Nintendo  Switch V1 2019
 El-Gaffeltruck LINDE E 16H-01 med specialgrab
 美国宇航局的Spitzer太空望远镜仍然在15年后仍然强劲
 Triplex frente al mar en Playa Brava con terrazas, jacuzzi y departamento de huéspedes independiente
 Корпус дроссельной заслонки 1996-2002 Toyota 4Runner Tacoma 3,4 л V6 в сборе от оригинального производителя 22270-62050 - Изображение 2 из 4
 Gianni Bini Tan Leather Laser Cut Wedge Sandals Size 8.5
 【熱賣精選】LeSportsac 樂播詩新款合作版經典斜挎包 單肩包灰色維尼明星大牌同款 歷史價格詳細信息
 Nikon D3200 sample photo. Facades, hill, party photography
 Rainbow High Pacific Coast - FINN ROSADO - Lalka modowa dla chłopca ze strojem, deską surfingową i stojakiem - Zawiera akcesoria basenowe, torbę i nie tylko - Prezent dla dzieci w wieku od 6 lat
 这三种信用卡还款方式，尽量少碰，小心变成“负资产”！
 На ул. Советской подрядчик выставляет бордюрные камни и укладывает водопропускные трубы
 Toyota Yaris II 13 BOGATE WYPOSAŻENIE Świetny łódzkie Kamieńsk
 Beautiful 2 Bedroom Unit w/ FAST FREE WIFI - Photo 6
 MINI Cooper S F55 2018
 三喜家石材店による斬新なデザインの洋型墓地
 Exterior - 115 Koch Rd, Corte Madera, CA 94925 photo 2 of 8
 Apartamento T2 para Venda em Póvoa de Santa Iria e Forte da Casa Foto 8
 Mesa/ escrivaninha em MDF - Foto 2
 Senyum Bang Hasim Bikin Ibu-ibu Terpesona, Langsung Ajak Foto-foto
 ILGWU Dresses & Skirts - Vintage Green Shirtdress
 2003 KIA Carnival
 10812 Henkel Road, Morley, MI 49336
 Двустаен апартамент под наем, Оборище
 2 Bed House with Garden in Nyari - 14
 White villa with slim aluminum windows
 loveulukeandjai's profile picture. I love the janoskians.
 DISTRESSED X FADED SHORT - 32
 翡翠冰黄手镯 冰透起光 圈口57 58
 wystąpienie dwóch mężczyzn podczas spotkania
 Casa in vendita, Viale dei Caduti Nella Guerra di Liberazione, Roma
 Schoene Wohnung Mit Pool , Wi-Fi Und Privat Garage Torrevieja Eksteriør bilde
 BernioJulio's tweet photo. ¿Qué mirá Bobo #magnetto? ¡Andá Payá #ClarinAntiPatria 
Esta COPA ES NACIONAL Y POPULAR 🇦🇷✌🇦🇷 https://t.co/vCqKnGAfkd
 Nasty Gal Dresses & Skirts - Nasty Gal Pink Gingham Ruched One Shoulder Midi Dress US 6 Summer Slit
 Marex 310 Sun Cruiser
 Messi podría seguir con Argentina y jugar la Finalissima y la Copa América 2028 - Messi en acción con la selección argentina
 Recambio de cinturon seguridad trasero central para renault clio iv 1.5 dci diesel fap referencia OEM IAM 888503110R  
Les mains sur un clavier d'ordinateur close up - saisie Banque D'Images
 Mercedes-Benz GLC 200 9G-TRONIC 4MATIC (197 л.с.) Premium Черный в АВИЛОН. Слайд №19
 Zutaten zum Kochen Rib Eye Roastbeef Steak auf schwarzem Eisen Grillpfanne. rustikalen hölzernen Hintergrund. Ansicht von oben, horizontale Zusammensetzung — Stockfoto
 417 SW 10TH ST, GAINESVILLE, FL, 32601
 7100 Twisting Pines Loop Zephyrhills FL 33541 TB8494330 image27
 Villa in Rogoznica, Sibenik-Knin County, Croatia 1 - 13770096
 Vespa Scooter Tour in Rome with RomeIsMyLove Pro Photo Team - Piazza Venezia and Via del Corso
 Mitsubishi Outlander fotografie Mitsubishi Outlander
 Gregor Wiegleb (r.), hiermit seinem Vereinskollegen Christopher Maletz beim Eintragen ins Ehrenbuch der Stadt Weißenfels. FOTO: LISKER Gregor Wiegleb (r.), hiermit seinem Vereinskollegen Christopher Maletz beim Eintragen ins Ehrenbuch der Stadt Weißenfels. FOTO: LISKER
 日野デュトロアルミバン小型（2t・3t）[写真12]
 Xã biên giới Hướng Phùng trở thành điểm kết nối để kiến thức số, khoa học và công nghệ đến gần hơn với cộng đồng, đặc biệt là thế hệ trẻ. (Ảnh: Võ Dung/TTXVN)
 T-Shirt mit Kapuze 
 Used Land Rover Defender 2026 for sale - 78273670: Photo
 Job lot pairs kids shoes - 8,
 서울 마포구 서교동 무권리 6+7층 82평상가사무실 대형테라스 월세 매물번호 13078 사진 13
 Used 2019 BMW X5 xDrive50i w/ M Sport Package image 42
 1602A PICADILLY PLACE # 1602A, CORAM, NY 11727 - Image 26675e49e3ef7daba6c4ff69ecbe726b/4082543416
------------------------------------------------
WHAT TO WORK ON: Search the records above for "Casa" and copy every line that has it.

OUTPUT FOR THIS EXERCISE:
 Apartamento T2 para Venda em Póvoa de Santa Iria e Forte da Casa Foto 8
 Casa in vendita, Viale dei Caduti Nella Guerra di Liberazione, Roma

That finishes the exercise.